While this preacher probably has great intentions, he is preaching a false gospel, an accursed message (Gal 1:6-9). If he in the past believed the promise of everlasting life, then he has everlasting life. But he is under God’s temporal judgment in any case. And if he has not yet believed the promise of life, then he himself is on the broad way that leads to destruction. The broad way is not the way of sinful indulgence. The broad way is the works salvation way so prevalent in all the world’s religions, including, unfortunately, many within Christianity itself.
We who believe in OSAS (once saved, always saved) do not promote semi-universalism. Far fewer people believe the Free Grace message than the message of this preacher.
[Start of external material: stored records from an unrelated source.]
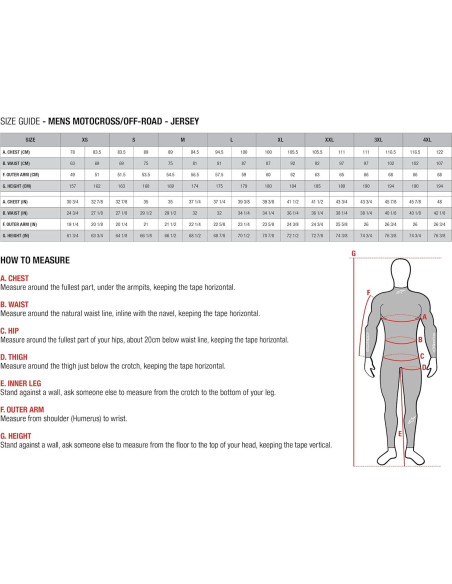 Jersey Alpinestars Racer Hollow Camo Oscuro 2X Amarillo Fluo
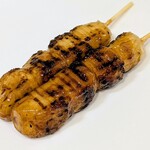 千明だんご - 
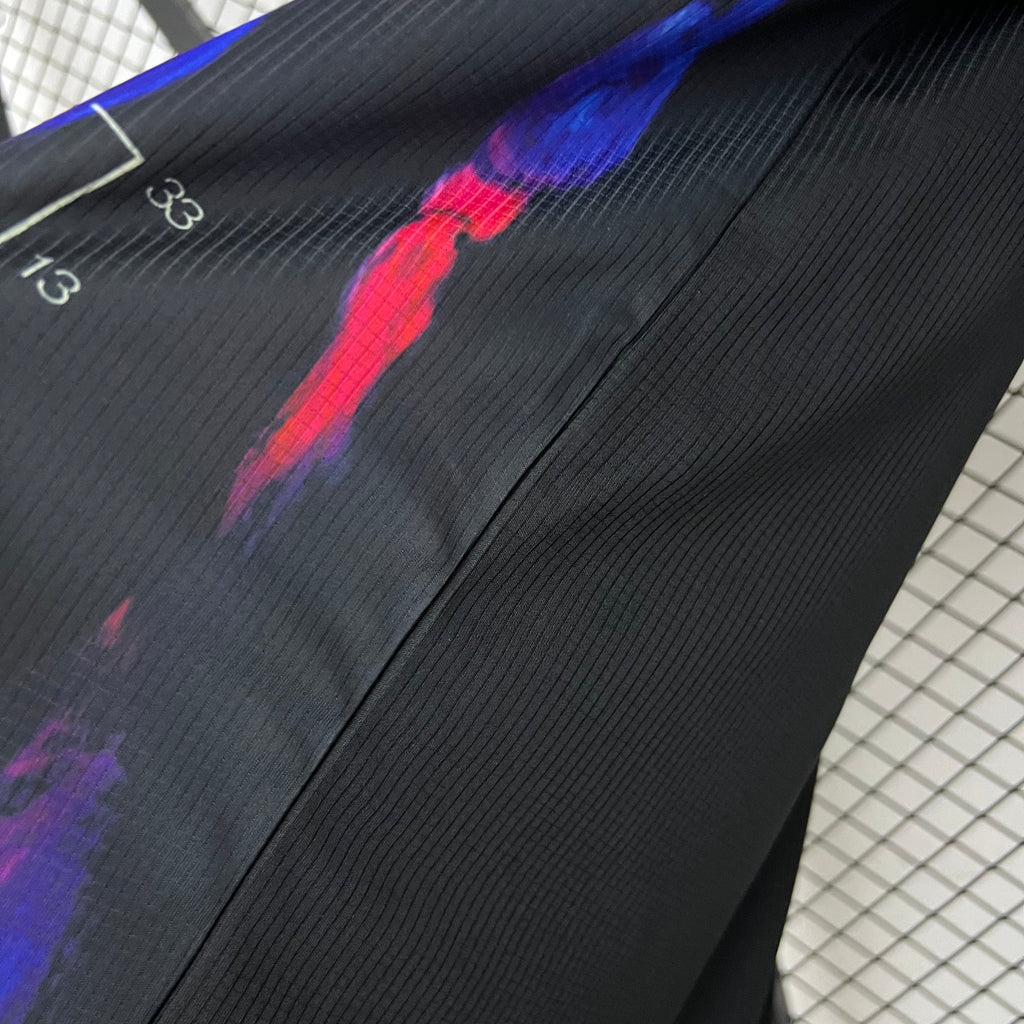 Barcelona edição especial 2025/26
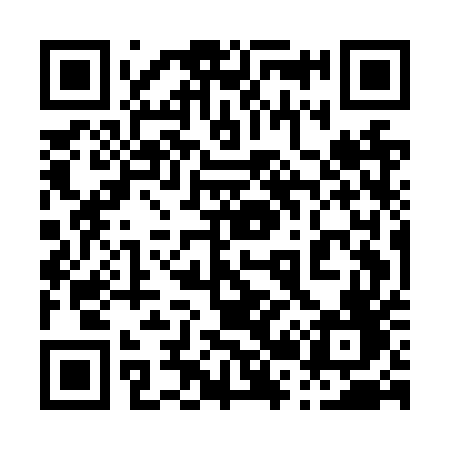 QR code for 025NUF
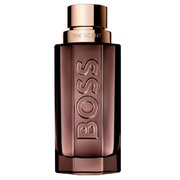 Hugo Boss Boss The Scent Parfum for Him Eau de Parfum
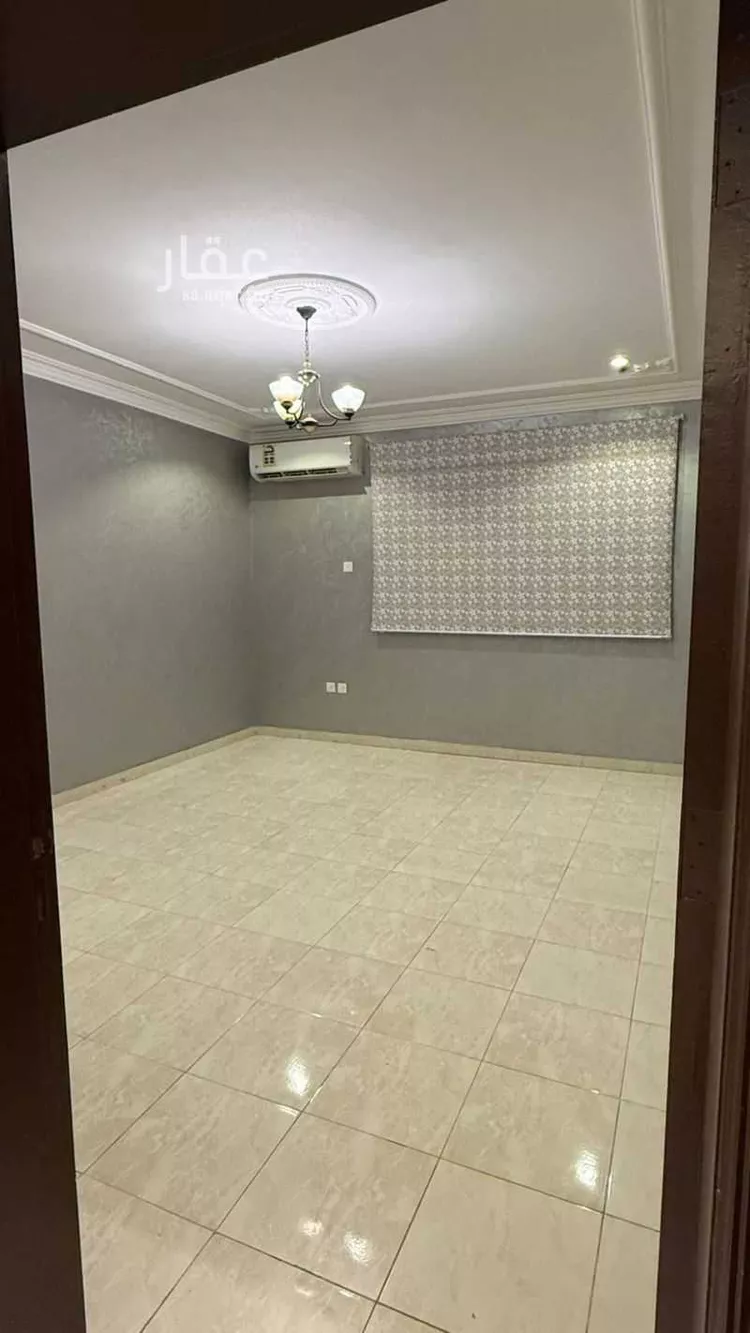 شقة للإيجار في شارع البيان, حي السعادة, مدينة الرياض, منطقة الرياض صورة 2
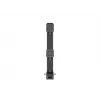 Multibrackets M VESA Deskmount HD Dual Vertical Widescreen 32 pollici – 50 pollici morsetto/passante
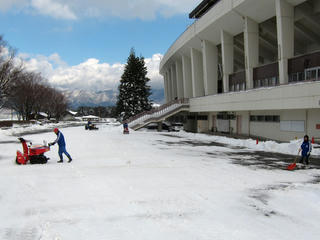 IMG_7741-01.jpg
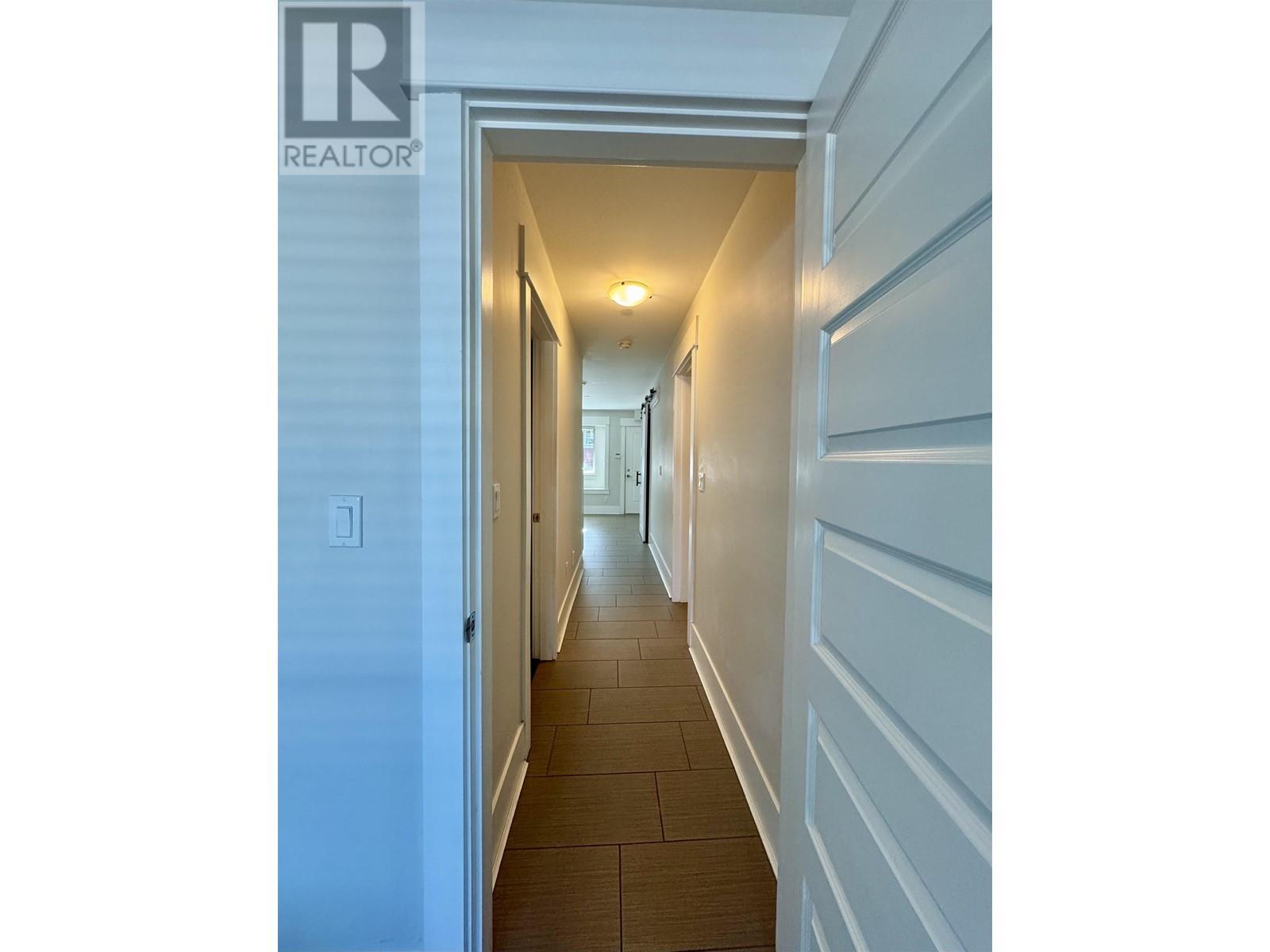 2784 E 21st Avenue, Vancouver, British Columbia  V5M 2W2 - Photo 21 - R2962321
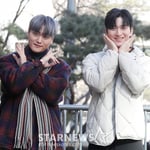 21번째 이미지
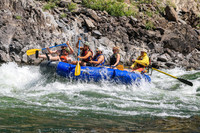 20260808-IMG_4225
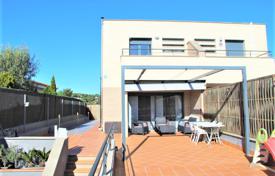 3 odalılar konak 114 m² Lloret de Mar'da, İspanya. 295,000 €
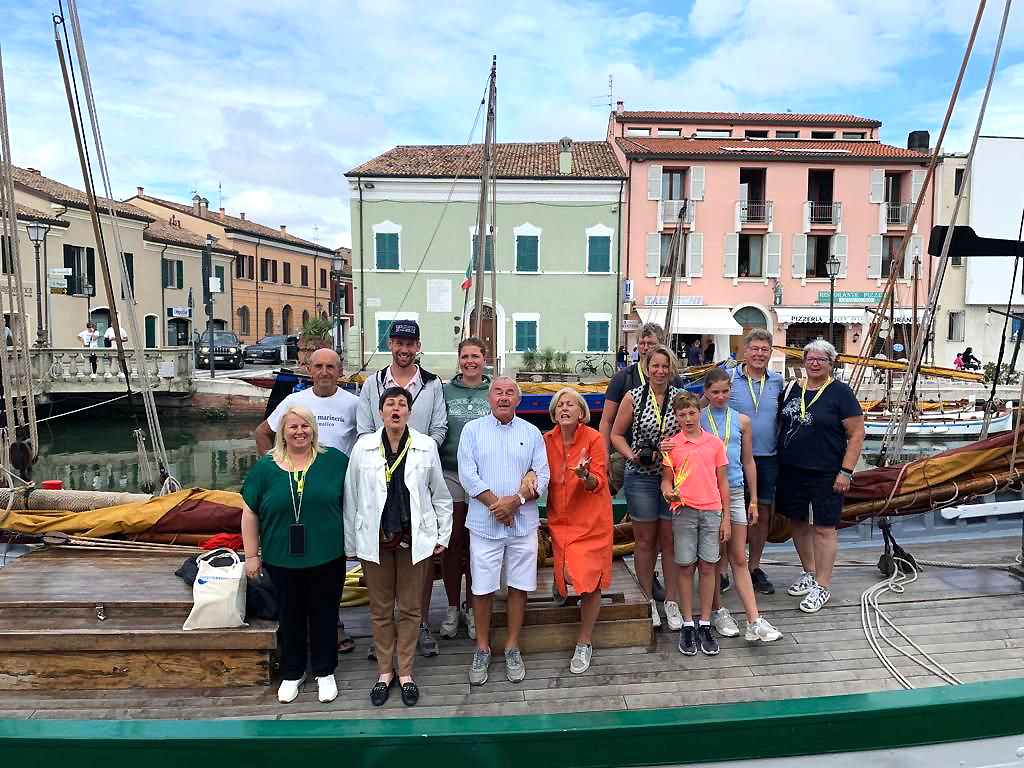 images/stories/varie_2023/Acsi_Cesenatico.jpg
We who believe in OSAS do not promote licentiousness either. While I realize that there is a small number of Free Grace people who think believers today are under no laws and no commandments, that is not true of most Free Grace people. We call people to holiness. We are motivated out of gratitude to please God. We are motivated by a desire to have God’s blessings for us and our families and to avoid the curses that come for those walking out of fellowship with God (Luke 15:11-32). We are motivated by a desire to have the Lord’s approval at the Judgment Seat of Christ (2 Cor 5:9-10). We want to be a blessing to others.
Once saved, rarely saved? Hardly. Once a person has everlasting life, he has it forever. After all, as one of my seminary professors, Dr. Charles Ryrie, liked to say, “If everlasting life could be lost, then it has the wrong name.”